“The Role of Achievement Goal Type and Reflexivity in Team Evaluation and Selection of Co-Created New Product Ideas” by Professor Charles H. NOBLE
Professor Charles H. NOBLE
Henry Professor of Business
Associate Dean for Research & Faculty
Haslam College of Business, The University of Tennessee
Chair, Product Development & Management Association
From a customer perspective, scholars know a good deal about what motivates customers to participate in co-creation activities, and the ways co-creation activities might influence customer perceptions of the value of new products and services. From a firm perspective, scholars know that innovation strategies that involve co-creation carry the potential to bring substantial benefits to companies’ product development efforts, but no research to date has addressed why some firms can successfully pick winners and losers when evaluating customer-submitted new product ideas while others cannot. In fact, despite the tremendous promise of directly involving customers in new product ideation, scholars have still reported very high (over 50%) failure rates of cocreation innovation initiatives (Verhoef, 2013). In this research, we investigate some of the cognitive characteristics and biases of teams that might influence their ability to recognize the best ideas from customers in an evaluation and selection context.

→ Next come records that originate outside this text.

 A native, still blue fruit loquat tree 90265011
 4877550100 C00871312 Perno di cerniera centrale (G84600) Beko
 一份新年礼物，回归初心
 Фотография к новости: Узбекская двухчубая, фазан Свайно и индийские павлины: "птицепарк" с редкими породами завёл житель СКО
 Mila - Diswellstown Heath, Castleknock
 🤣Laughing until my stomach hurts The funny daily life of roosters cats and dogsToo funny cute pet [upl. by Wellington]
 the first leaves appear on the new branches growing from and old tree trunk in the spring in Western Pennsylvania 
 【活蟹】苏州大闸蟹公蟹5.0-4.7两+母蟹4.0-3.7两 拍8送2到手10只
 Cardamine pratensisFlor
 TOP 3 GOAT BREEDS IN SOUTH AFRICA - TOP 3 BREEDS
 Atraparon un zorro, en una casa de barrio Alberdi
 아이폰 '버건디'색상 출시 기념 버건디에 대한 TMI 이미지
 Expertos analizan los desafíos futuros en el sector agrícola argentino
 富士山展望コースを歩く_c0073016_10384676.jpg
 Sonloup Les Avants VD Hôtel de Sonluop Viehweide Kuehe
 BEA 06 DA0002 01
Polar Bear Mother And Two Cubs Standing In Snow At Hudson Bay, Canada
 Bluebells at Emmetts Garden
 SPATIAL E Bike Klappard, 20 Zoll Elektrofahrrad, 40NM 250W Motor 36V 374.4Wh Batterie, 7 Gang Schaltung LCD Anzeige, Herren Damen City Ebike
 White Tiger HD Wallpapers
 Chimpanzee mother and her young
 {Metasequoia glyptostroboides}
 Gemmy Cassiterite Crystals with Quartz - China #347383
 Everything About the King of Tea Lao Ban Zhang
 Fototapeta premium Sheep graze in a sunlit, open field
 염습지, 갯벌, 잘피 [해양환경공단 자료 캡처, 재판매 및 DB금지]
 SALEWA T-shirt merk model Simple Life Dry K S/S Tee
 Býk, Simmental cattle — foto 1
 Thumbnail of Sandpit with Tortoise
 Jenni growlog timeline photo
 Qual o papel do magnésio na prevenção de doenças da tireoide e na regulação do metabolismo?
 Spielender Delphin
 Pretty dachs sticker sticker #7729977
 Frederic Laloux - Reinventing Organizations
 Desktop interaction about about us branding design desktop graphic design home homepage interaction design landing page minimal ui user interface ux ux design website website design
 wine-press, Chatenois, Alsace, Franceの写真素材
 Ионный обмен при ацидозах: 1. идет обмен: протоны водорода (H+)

In Study 1 we investigate this issue by examining the interaction of goal motivation (approach/avoidance) and depth of information processing (reflexivity) of NPD teams. The results are based on video content analysis of go/no-go evaluation and selection meetings at Quirky where the firm reviewed 186 product ideas submitted by end consumers. Decisions made by Quirky’s development team are compared against willingness to consider purchase ratings by a panel of 1860 consumers. Our findings show that approach-oriented teams make better product selection choices (i.e., pick products rated more favorably by consumers) when reflexivity is low, and that avoidance-oriented teams make better product selection choices when reflexivity is high. In Studies 2 and 3 (in progress), we examine the goal motivation by reflexivity interaction in the lab, using a between subjects experimental design. We also look at a potential mediating mechanism, cognitive-based decision-making vs. affect-based decision making, and a moderating factor, the use of checklists in the customer co-created product idea selection process.
Our work has important implication or both scholars and managers, offering deeper insight into how the cognitive characteristics and decision-making practices of teams influences their ability to recognize good ideas when they see them. We also offer suggestions for improving the overall success rate of customer cocreated innovation initiatives, and future research directions in this area.